In this case, the non-magical group is a distinct minority. This is going to breed far more resentment, with occasional stand-outs of brilliance.

Kitten Champion
2015-06-06, 03:35 PM
The reverse seems more plausible, magic-wielders discriminating against muggles due to their inherent inferiority or perceived inability to contribute to society. Particularly if magic is conflated with divine mandate or providence, the lack of magic could be symbolic of disfavour or some kind of karmic punishment for sins in past lives - naturally justifying a whole system of durable inequality wherein the Sorcerer Kings have heaven's mandate to rule while the muggles toil in obscurity.

LibraryOgre
2015-06-06, 04:09 PM
The reverse seems more plausible, magic-wielders discriminating against muggles due to their inherent inferiority or perceived inability to contribute to society. Particularly if magic is conflated with divine mandate or providence, the lack of magic could be symbolic of disfavour or some kind of karmic punishment for sins in past lives - naturally justifying a whole system of durable inequality wherein the Sorcerer Kings have heaven's mandate to rule while the muggles toil in obscurity.

Sorry, had to cut off too quickly. I meant that there's going to be a lot more resentment, with occasional flares of brilliance, from the non-magical underclass. You will have rare individuals who lack magic but are still able to excel in their chosen field, but most of the non-magical ones will have a lot of resentment towards a magical upper class.

One example you might look at is the later books of the Halfblood Chronicles; while Elvenbane doesn't go into it, Elvenblood and Elvenborn go more into the position of elves who have little to no magic in their society. Whereas humans are enslaved (their natural psionic abilities are suppressed by elven magic), the most powerful of elven lords are close to deities and able to act with impunity against the lower classes.

Darth Ultron
2015-06-06, 08:24 PM
The ability to cast a couple spells per day per person, won't effect a world too much. Even more so if you limit the magic to the ''Core'' spells. At least 75% of the core spells are for pure combat and can do little else. And most core spells have very short durations, so they won't have much of a big impact on the world.

And the ''blessed'' with the magic, are not also blessed with intelligence, wisdom, creativity or even common sense. So while in theory a blessed spellcaster might have tons of magic power....they use it for things like levitation of a mug of beer.

And there is a separation between the ''easy'' magic way and the old fashioned way. Just take unseen servant. It sounds like a good idea that a blessed magic user can just cast the spell and never hire another worker again. The caster needs to stay close to the unseen servant, they can't just cast the spell and walk away. And they can't give it a list of things to do. The unseen servant can't do a lot of heavy tasks and no complex ones. A sack of dirty laundry can weigh 20 pounds and it can't lift that. And you have to cast the spell. You want the work started at 5am? You need to make up and cast the spell. In lots of cases a servant or worker would simply be better.

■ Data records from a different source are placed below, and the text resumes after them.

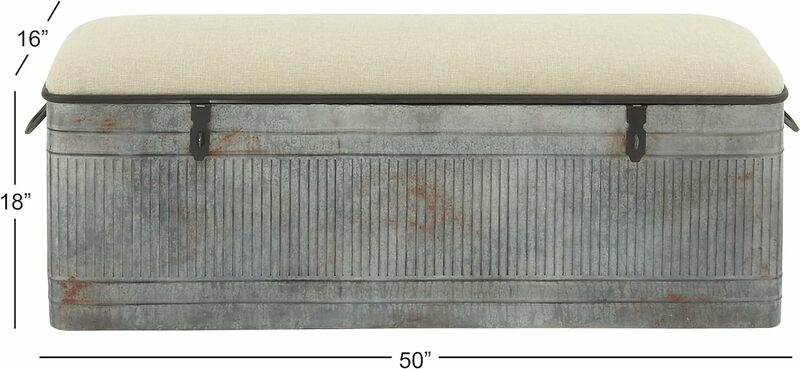 مقعد تخزين معدني مجلفن مع سطح خيش كريمي ، ديكو رمادي 79 ، 50 بوصة × 16 بوصة × 18 بوصة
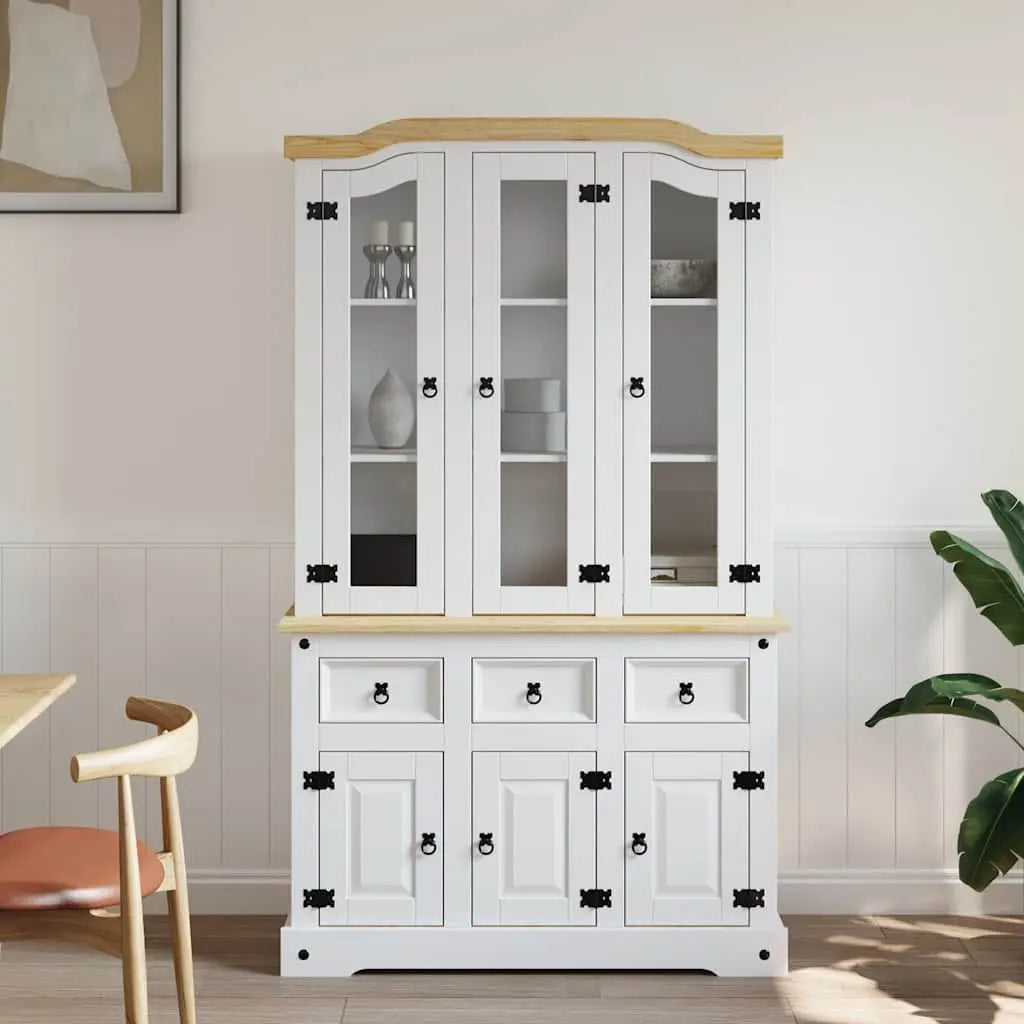 Buffet haut Corona blanc 112x43x191,5 cm bois massif pin mexicain - XIOS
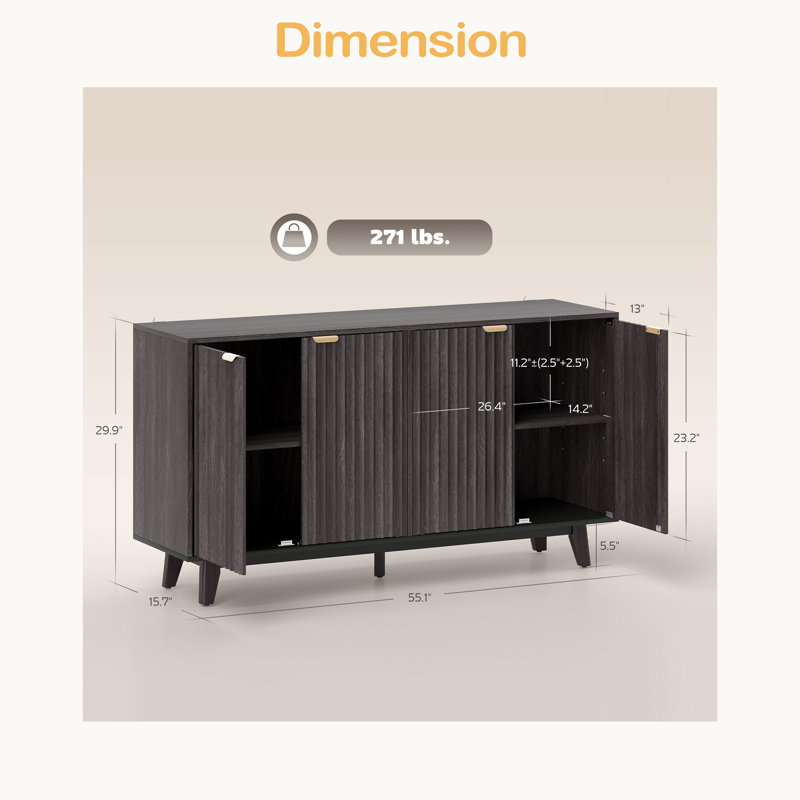 Commode pratique, armoire à buffet cannelée, avec portes, tablettes réglables, pieds en bois, Gris foncé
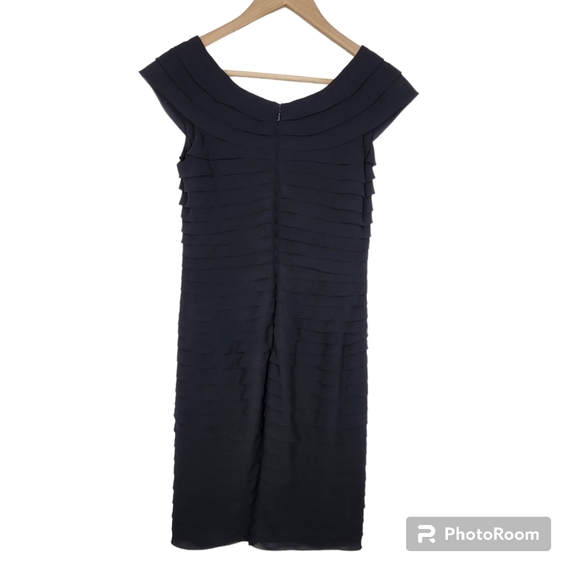 Adrianna Papell Black Ruffled Short Sleeve Zip Back Sheath Cocktail Dress Sz 10 - Picture 11 of 11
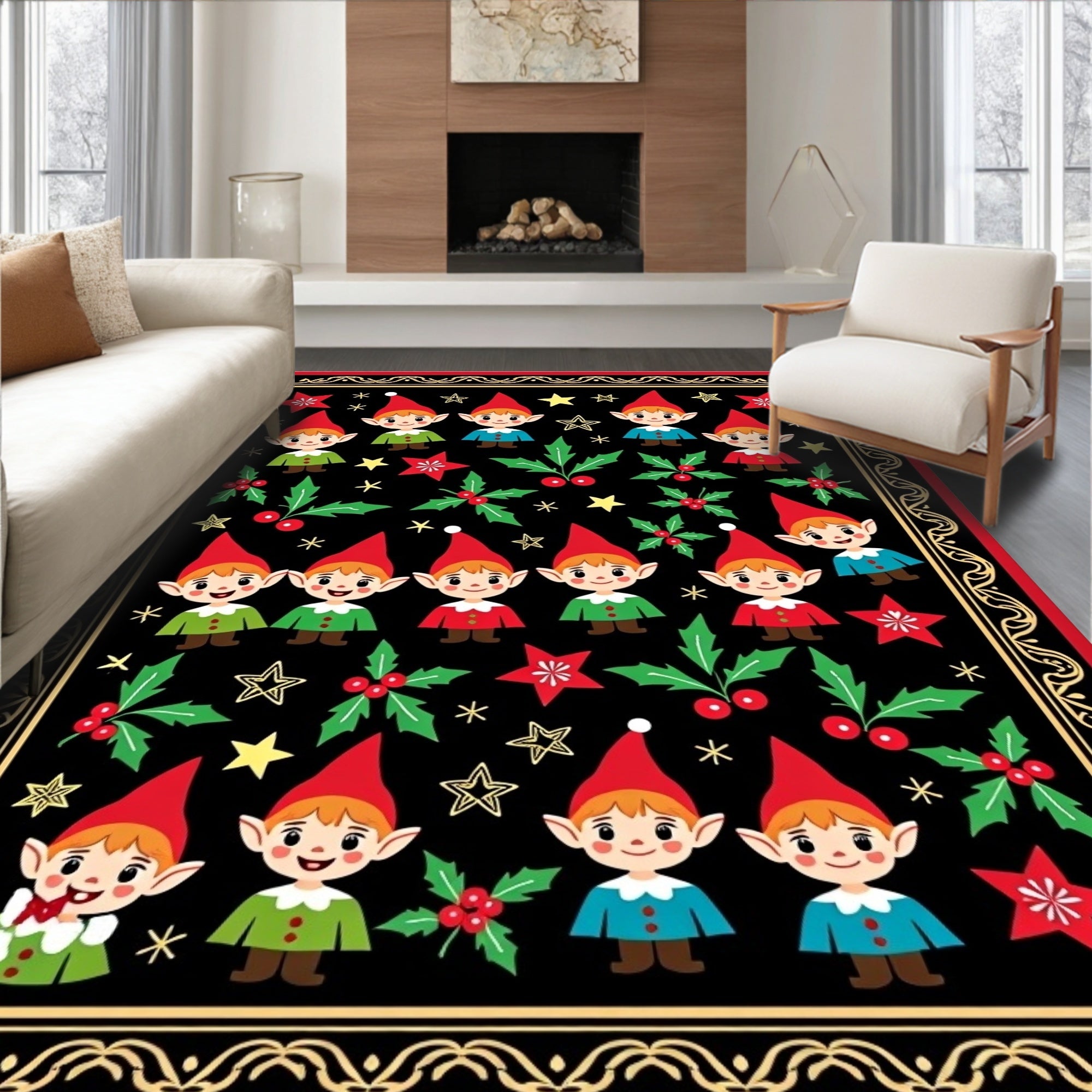 Festive Elf Holly Star Border Rug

And with good and bad blessed you have a perfect ''arms race''. For every sneaky thief with invisibility is a guard with see invisibility. And so on.

Ettina
2015-06-07, 10:07 AM
Magic everywhere puts huge segments of the population out of work without creating much in the way of replacement industries.

Without creating replacement industries? I doubt this. All those people who would otherwise be unskilled laborers, bussers, porters, movers and dishwashers all have magic too.

Some of those jobs would stay, only using magic. For example, dishwashers use prestigitation, and wash way more dishes in the same time than they would otherwise. Porters and movers make and control the floating disks. It seems reasonable to me that a guy who uses the exact same spell every day for his work would be more skilled at using it - eg closer clean with prestigitation, less likely to accidentally drop something with floating disks...

As for jobs that would truly be obsolete, such as unskilled laborer, well, that's hardly the only job that guy could do. Maybe he'd be the one bossing the golem around, or something. (Incidentally, what 15 laborers could get accomplished is peanuts to what 15 golem-commanders could do. And the golem-commanders would work a lot less hard to do it.)

I mean, look at our society. When the Industrial revolution came, a lot of people were afraid that it would put large segments of the population out of work. But in fact, the unemployment rate was only around 8% per year during the height of the Industrial revolution (http://fee.org/freeman/detail/the-industrial-revolution-working-class-poverty-or-prosperity), not a huge change.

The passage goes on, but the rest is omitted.